Could the data below be copied exactly, minus the pictures?

▸ DATA EXCERPT
━━━━━━━━━━━━━━━━━━━━

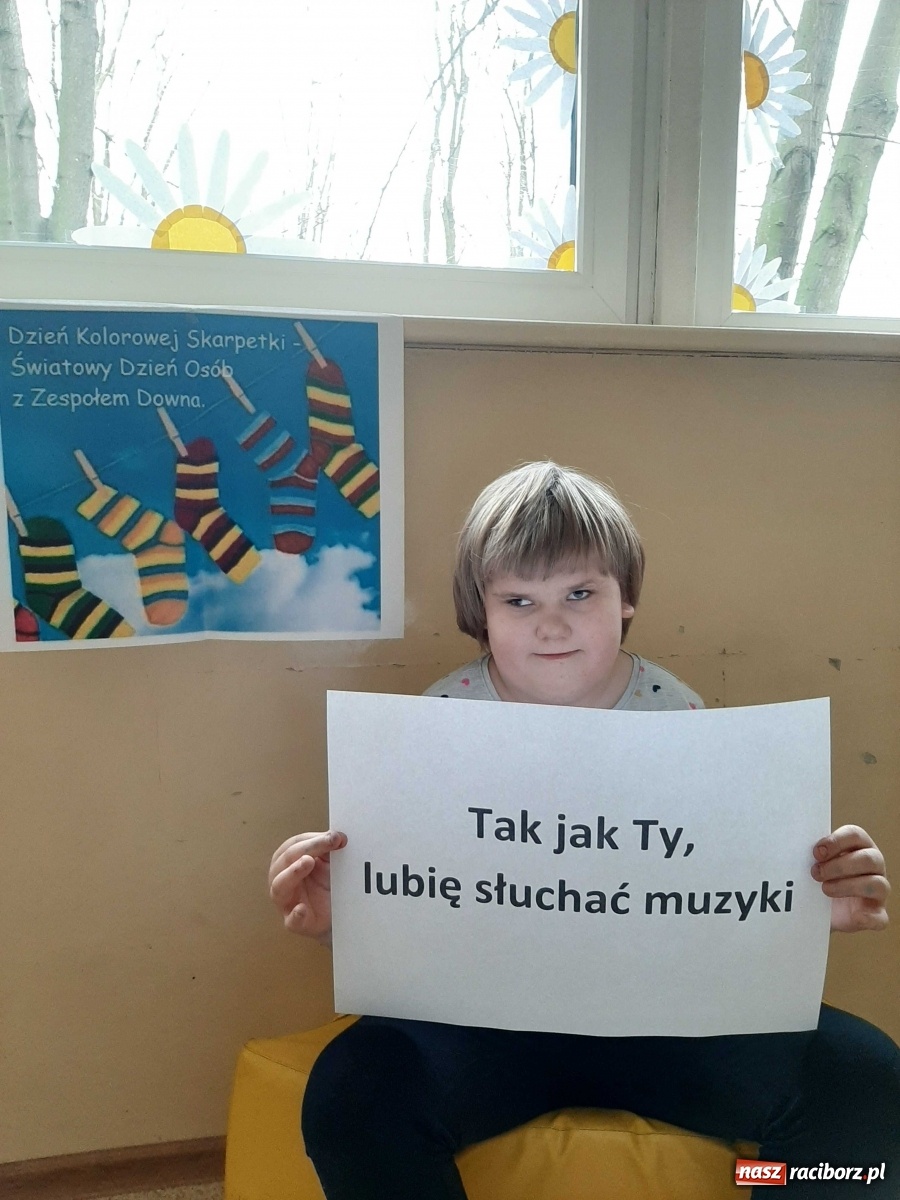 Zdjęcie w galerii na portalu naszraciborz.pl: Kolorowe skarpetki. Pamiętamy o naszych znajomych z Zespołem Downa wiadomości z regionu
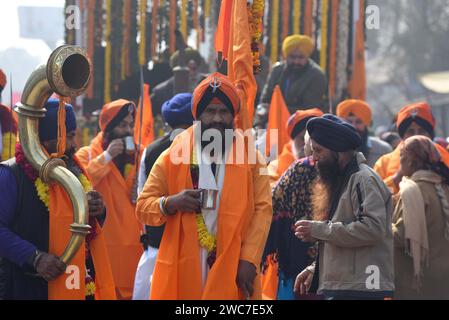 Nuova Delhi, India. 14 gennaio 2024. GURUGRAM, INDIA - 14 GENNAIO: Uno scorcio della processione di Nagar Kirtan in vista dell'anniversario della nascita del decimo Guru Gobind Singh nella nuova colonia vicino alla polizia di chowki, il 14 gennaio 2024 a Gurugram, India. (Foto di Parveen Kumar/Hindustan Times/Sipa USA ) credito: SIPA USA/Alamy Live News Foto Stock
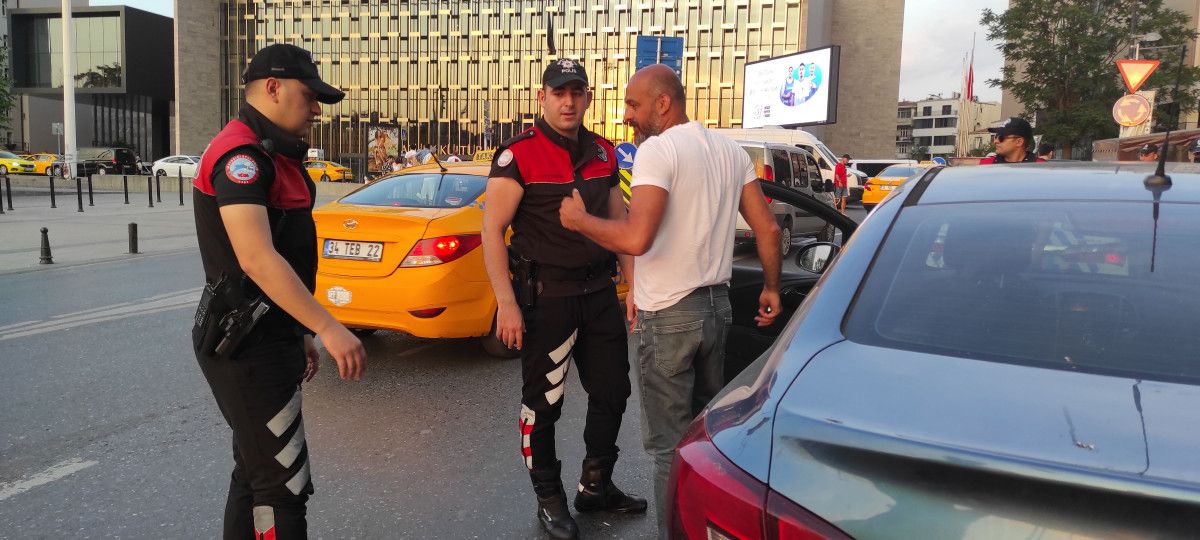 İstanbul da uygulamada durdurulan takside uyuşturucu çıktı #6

━━━━━━━━━━━━━━━━━━━━

▸ ANSWER BOX
 Zdjęcie w galerii na portalu naszraciborz.pl: Kolorowe skarpetki. Pamiętamy o naszych znajomych z Zespołem Downa wiadomości z regionu
 Nuova Delhi, India. 14 gennaio 2024. GURUGRAM, INDIA - 14 GENNAIO: Uno scorcio della processione di Nagar Kirtan in vista dell'anniversario della nascita del decimo Guru Gobind Singh nella nuova colonia vicino alla polizia di chowki, il 14 gennaio 2024 a Gurugram, India. (Foto di Parveen Kumar/Hindustan Times/Sipa USA ) credito: SIPA USA/Alamy Live News Foto Stock
 İstanbul da uygulamada durdurulan takside uyuşturucu çıktı #6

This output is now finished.